I think you guys are having fun, this is great entertainment, love reading this every day, etc… One thing that bothers me are people sucking up to you with their posts. Honestly, sometimes it’s like being in high school again and listening to people say ‘Oh teacher! The way you teach frog intestines is just precious!’. You know what I mean? Sort of strange coming from a whole bunch of grown ups, nerds or not.
you guys never had time to do stuff like this, before you know…when you had a ‘real’ job.
As I watched the video I shook my head in disbelief. Y’all are crazy. The “we need to drink together sometime” kind of crazy.
Also, when I saw the image of Tim McGraw (on Blurb’s site) in Cornflower Blue clogs (!) I gasped at the offense. I had to look away for fear of the image searing my corneas.
I so hope you guys got those at payless. Because those ugly ass clogs do not deserve the full price they are asking for the real ones. I got some for the garden at payless, at like $10.
Yay! Bloody domestic clog battles are my favorite! I only wish you were posting all your vids on Youtube. I’m not sure why. Maybe cause I’m addicted to that site, and the that Chuck video just seems so lonely on there by itself.
Aw, man! Well, I guess if the damn shoes were so important to him, he can have them.
This was a riot! Thanks!
VIVE Le CLOGS!!! right arm – Jon! Love the soundtrack too. One has to wonder tho….will there be a retaliationary move from the clogcamp?….If I were U missy…I would put those strappy pink things under lock and key! …….
The agony of the victory is worth the smell of defeat.
Yay! The Horrible Reign the Tyrant Clog is Over!
Oh, Heather. This does not bode well. What fashion atrocities will he attempt now that he has succeeded in liberating the clogs? White patent leather shoes? Floods? The possibilities are endless.
Just make sure that there aren’t any Leta-size clogs in that house.
Awesome. I’m laughing my Birks off!
Down with Crocs!
Who won? I think Jon is just spinning it his direction.
Vive le clog!
My six year old son saw the clip and said, “That man sure loves his shoes, doesn’t he?” and walked away shaking his head.
I wanted to say, “This, son, is what happens when you live with a shoe-fashion control freak. Remember this when choosing your wife. That could be YOU on the lawn, bloodied and battered, fighting for your right to clog!”
That is fabulous! Wars in the Armstrong camp are FUN!!!
Great music with the video. I see a new doors opening up for the Armstrong Media !
Funny. When I saw Jon on the ground the first thing that came to mind was…Hurry! Get up! You know there are TARANTULAS crawling around.
I love love LOVE it!
In response to Glumica and the sucking up they think posters do here – according to urbandictionary.com the definition of suck up is “One who patronizes a person in a sickenly manner, usually ostenting to “sum points” with that person or enhance their friendship easily.”

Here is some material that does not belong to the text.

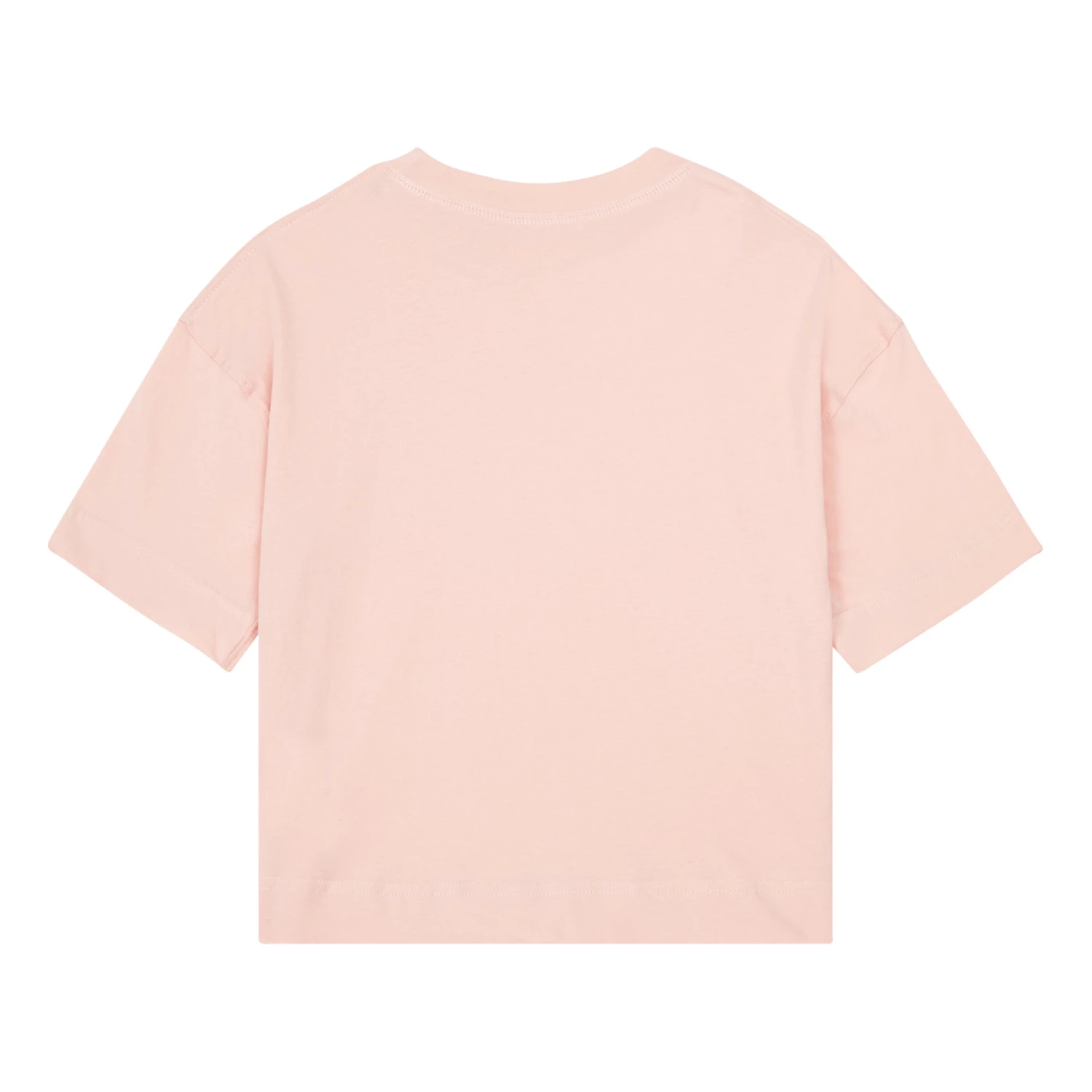 Wave T-shirt Pale pink Bellerose Fashion Teen, Children 8 Wave T-shirt Pale pink Bellerose Fashion Teen, Children - Image 8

Being a loyal fan and letting Heather know how much we dig her kid, dog, house, haircut, delicious cookie concoction making ability…the list is truly endless, isn’t sucking up. It’s letting her know that what she devotes a major part of her life to is resonating with people, that what she does is valued, enjoyed and respected. We love our Dooce and we want her to know it. There’s no patronizing going on here.

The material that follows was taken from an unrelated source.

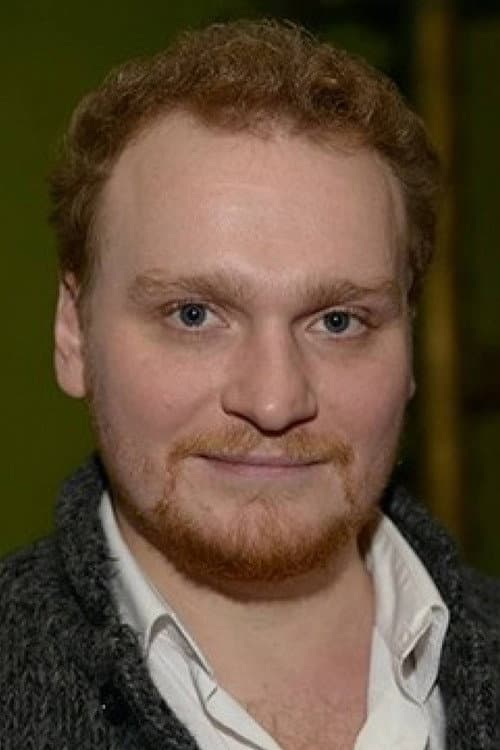 Сергей Сафронов foto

Oh. My. God. That was hilarious.
Even though he looks like a zombie on that still picture.
Is that bbq sauce all over Jon’s shirt? I’m pretty much anti-croc, but they’re all the rage with the kids.
AWESOME!! although i feel a little bad for mr. armstrong…
oh, okay maybe not. looks like this was HIS victory…??? me’s confused..?
Hilarious! I guess there’s not much that can come between a man and his ugly shoes. (Spoken from experience as the girlfriend of a man who insists it’s okay to still wear his Air Jordans from high school.)
Hope there was a car driving by at that same moment. Does he only have the one clog?
Um, can I please have your job?
J_Bo above asked if that was bbq sauce on his shirt.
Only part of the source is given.